USN-2936-2: Oxygen-GTK3 update – 2nd May 2016

USN-2936-1 fixed vulnerabilities in Firefox. The update caused Firefox to crash on startup with the Oxygen GTK theme due to a pre-existing bug in the Oxygen-GTK3 theme engine. This update fixes the problem. We apologize for the inconvenience.

USN-2957-2: Libtasn1 vulnerability – 2nd May 2016

USN-2957-1 fixed a vulnerability in Libtasn1. This update provides the corresponding update for Ubuntu 16.04 LTS. Original advisory details: Pascal Cuoq and Miod Vallat discovered that Libtasn1 incorrectly handled certain malformed DER certificates.

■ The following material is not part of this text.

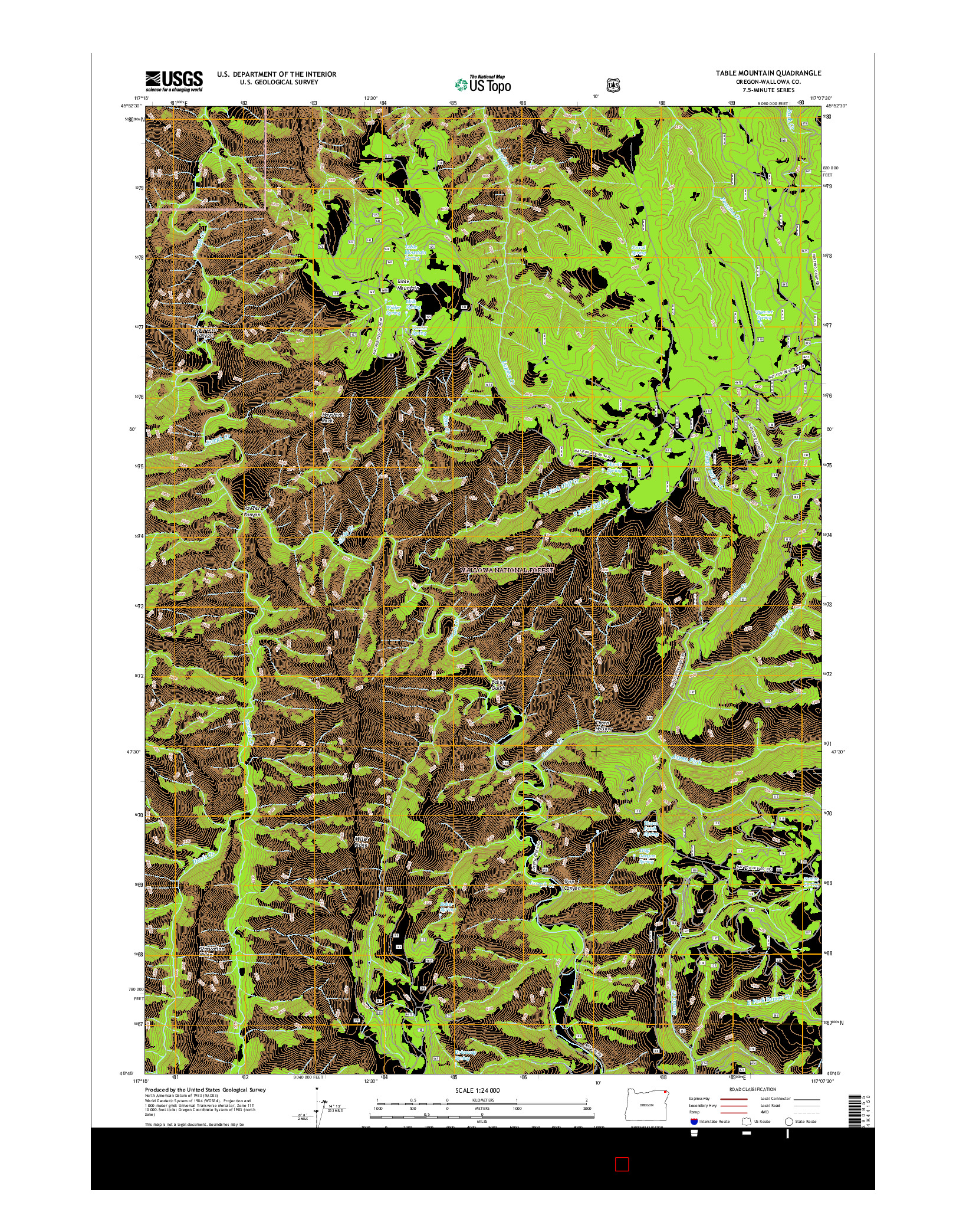 USGS US TOPO 7.5-MINUTE MAP FOR TABLE MOUNTAIN, OR 2017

USN-2958-1: poppler vulnerabilities – 2nd May 2016

It was discovered that the poppler pdfseparate tool incorrectly handled certain filenames. A local attacker could use this issue to cause the tool to crash, resulting in a denial of service, or possibly execute arbitrary code. This issue only applied to Ubuntu 12.04 LTS.

USN-2957-1: Libtasn1 vulnerability – 2nd May 2016

Pascal Cuoq and Miod Vallat discovered that Libtasn1 incorrectly handled certain malformed DER certificates. A remote attacker could possibly use this issue to cause applications using Libtasn1 to hang, resulting in a denial of service.